Выбрать главу

Сейчас никто не ссорился. Бабушка, проворно орудуя пальцами, расправлялась с остовом цыпленка. Куриную гузку она называет «укромным местечком». Ален по оплошности налил мне вина, и я выпила. Валери, загибая пальцы, вместе с Аленом вспоминала все мелочи, которыми придется заниматься завтра. Отменить уведомления о предстоящей свадьбе. Отослать подарки, за которые Клер еще не успела поблагодарить. Подсчитать совместные расходы папы и Алена на квартиру для новобрачных. Валери подняла увлажнившийся взгляд:

— И вы будете там жить один, Ален? Как все это грустно!

Ален предложил, чтобы мы все перешли на «ты». Он спокойно и рассудительно посматривал на нас. Когда потом, в декабре, он женился, Анриетта сказала, словно спорила с кем-то:

— Уж этот-то не помирал от горя, сразу видно было.

Но в монастырях они все такие, смерть для них — заупокойная месса, и только. В пансионе, когда умирала одна из сестер, нам обычно давали шоколадный крем. Голова у бабушки совсем отяжелела, она подпирала ладонями лоб и говорила обо всех, кто умер на ее веку: о тетушке Клемане, которой в восемьдесят лет ничего не стоило перекинуть ногу через стул; о своем брате, маленьком Жан-Луи, который утонул сразу после обеда сорок лет назад; о старой подруге Клотильде и еще о множестве других людей, которых мы не знали.
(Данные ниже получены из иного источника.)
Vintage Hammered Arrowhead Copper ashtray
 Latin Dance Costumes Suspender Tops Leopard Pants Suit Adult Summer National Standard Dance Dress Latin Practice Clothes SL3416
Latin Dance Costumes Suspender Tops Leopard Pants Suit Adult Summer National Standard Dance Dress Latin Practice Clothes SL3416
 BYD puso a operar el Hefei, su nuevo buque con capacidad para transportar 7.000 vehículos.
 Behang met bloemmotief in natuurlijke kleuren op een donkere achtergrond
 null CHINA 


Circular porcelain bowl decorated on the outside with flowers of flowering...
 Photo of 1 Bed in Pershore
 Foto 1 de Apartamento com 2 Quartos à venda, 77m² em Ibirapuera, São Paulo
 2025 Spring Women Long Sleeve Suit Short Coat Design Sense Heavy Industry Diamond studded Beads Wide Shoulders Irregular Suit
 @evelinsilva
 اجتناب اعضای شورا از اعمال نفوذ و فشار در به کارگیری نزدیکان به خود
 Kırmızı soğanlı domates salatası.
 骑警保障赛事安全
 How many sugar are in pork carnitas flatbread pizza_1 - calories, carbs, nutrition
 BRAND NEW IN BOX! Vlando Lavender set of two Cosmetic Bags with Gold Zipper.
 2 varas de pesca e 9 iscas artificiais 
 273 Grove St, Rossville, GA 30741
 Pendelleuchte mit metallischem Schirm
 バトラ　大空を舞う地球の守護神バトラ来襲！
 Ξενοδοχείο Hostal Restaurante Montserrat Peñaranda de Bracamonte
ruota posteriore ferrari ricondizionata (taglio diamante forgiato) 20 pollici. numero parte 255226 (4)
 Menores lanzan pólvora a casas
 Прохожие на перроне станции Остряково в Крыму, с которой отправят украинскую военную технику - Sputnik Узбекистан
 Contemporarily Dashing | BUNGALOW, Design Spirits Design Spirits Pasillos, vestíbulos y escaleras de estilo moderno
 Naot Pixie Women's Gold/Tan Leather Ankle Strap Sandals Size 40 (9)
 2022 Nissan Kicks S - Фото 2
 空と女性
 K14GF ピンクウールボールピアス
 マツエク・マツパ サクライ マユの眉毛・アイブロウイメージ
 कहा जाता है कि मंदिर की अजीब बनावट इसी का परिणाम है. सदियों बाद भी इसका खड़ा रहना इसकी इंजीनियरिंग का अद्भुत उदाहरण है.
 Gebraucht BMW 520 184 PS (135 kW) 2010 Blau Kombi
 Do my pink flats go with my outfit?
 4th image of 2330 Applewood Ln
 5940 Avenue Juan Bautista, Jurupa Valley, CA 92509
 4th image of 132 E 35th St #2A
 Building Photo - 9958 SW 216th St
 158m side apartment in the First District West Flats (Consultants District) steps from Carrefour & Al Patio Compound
Только о нашем дедушке она забыла, но мы не стали ей напоминать.

Клер отходила все дальше и дальше. Я боялась, вдруг кто-нибудь произнесет ее имя. Боялась, вдруг Клер вернется. Я вспомнила аромат лилий в клинике и вышла из-за стола — день был таким необычным, что никто ничего мне не сказал. Я не захотела ночевать в спальне Клер.

И отправилась в комнату, которая у нас называлась «Наполеон», потому что папа превратил ее почти что в мавзолей императора: в запертой на ключ витрине хранится треуголка, пистолеты его сына, Римского короля, с перламутровой рукояткой, сабли трех-четырех маршалов вроде Нея или Ла Бедуайера, а также фанфары и знамена их полков. Повсюду в комнате эмблема Наполеона — золотые пчелы: на степах, занавесях и даже на кровати, доставленной из Мальмезона. До чего же, вероятно, тоскливо в этом Мальмезоне по воскресеньям.

Я легла, натянув простыню на голову, надавила кулаками глазные яблоки, чтобы замельтешили красные звездочки — это я обожаю. Но я стала думать о Клер, о ее неплотно прикрытых веках, о неестественно сложенных руках, о холоде кожи, который я ощутила, когда пришлось ее поцеловать.

В нашем загородном доме Клер, бывало, потащит меня за собой ночью в сад. Освещенные окна исчезают за поворотом аллеи, делается так темно, что мы беремся за руки, чтобы не потерять друг друга. Вдруг Клер, не предупреждая, выпускает мою руку, и я не знаю, близко или далеко она от меня. Она дует в сложенные раковиной ладони, сначала это крик совы или гудок парохода в тумане, потом он переходит в жалобу, словно кто-то ужасно несчастный стонет в темноте, и вдруг я ощущаю руки Клер на своем лице, словно прикосновение души, отлетающей от земли.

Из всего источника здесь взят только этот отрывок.